Would you retype the whole listing exactly, leaving its pictures out?

*MATERIAL FOR THIS EXERCISE*.
[Start of Attachment]

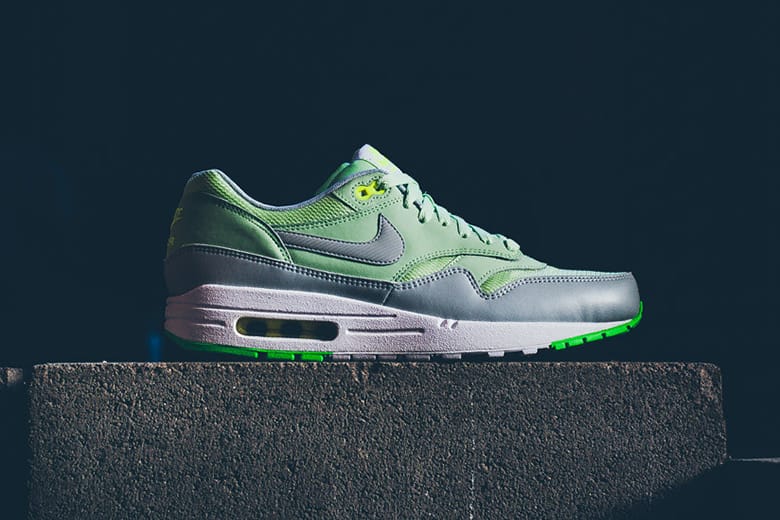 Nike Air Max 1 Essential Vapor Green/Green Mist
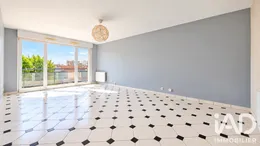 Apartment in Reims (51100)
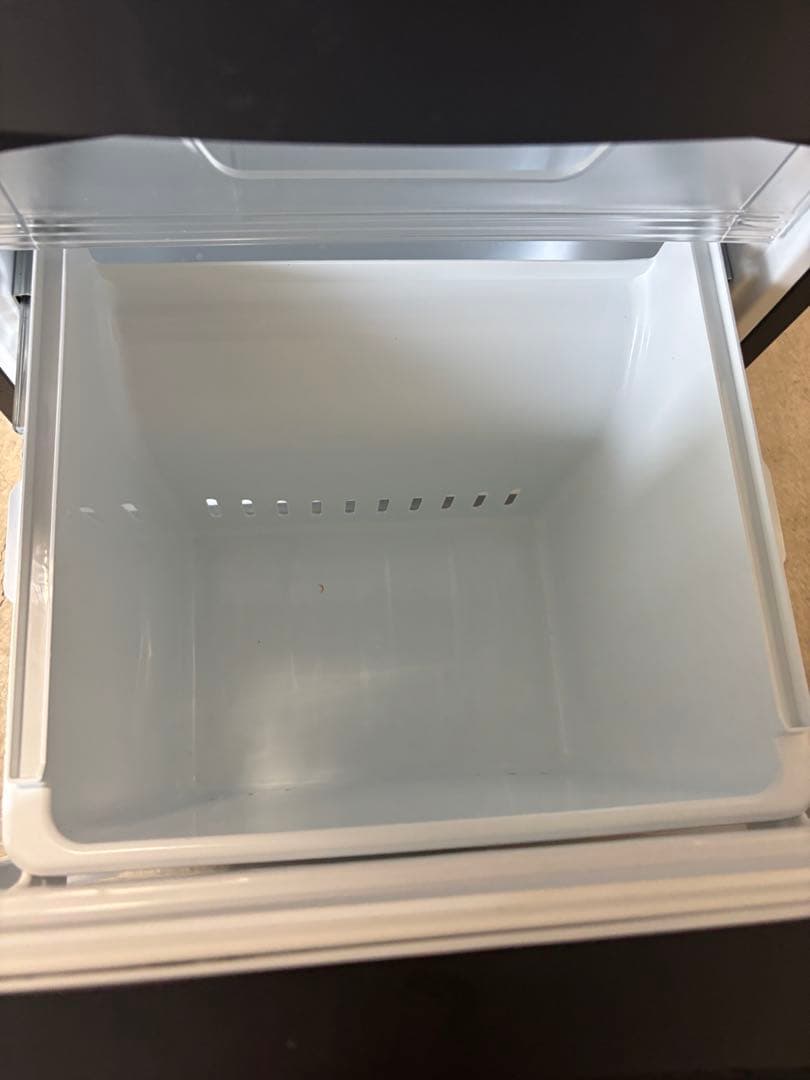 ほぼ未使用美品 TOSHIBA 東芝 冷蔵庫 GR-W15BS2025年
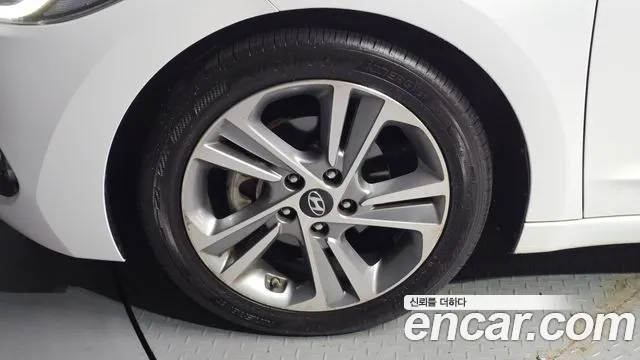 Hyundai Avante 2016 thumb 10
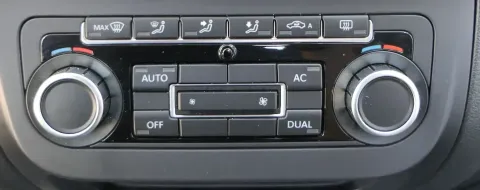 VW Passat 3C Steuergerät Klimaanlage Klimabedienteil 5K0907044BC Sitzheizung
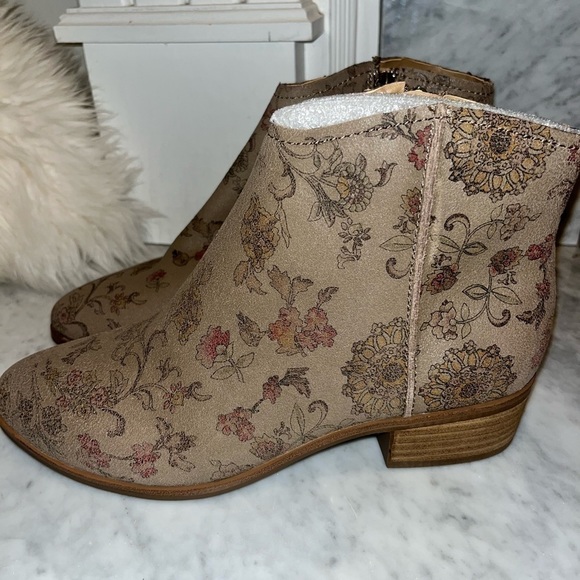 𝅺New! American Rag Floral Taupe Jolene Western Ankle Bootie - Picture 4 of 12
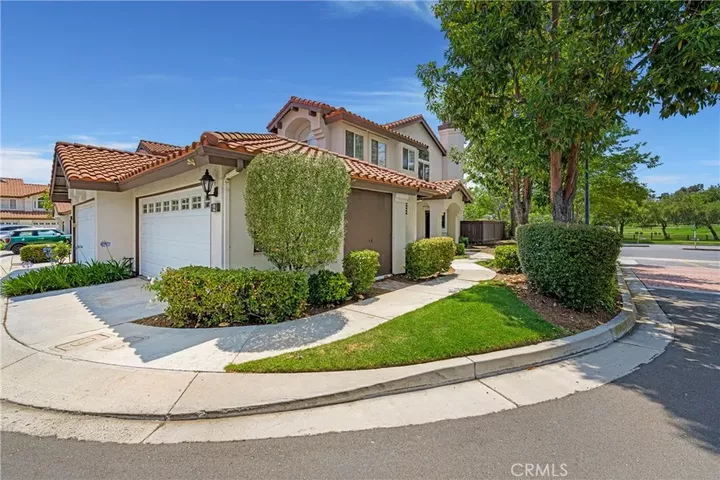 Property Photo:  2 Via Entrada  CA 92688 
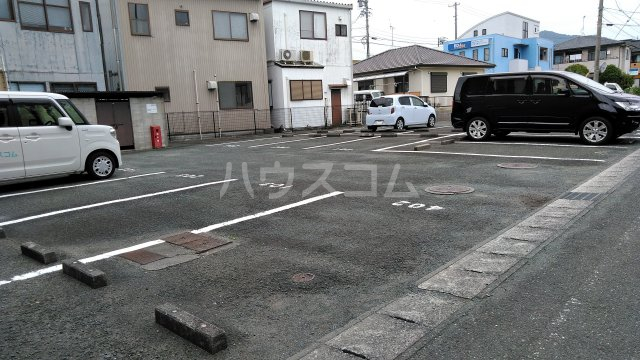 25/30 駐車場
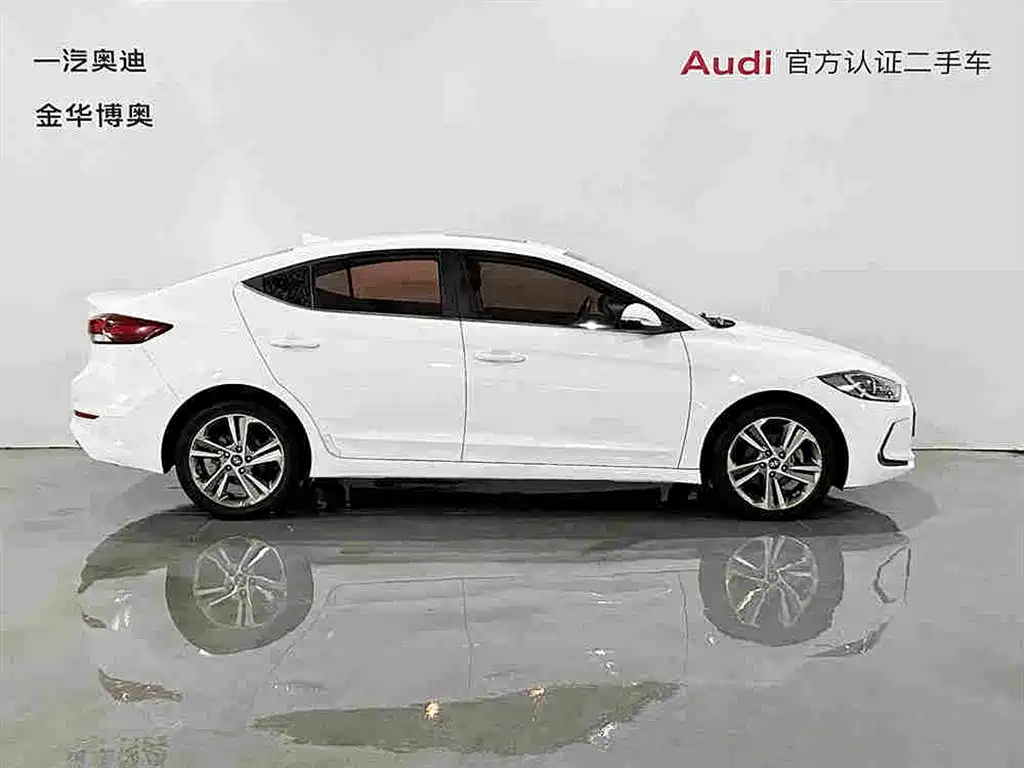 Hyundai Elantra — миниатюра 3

[End of Attachment]

*RESPONSE TO THIS TASK*.
 Nike Air Max 1 Essential Vapor Green/Green Mist
 Apartment in Reims (51100)
 ほぼ未使用美品 TOSHIBA 東芝 冷蔵庫 GR-W15BS2025年
 Hyundai Avante 2016 thumb 10
 VW Passat 3C Steuergerät Klimaanlage Klimabedienteil 5K0907044BC Sitzheizung
 𝅺New! American Rag Floral Taupe Jolene Western Ankle Bootie - Picture 4 of 12
 Property Photo:  2 Via Entrada  CA 92688 
 25/30 駐車場
 Hyundai Elantra — миниатюра 3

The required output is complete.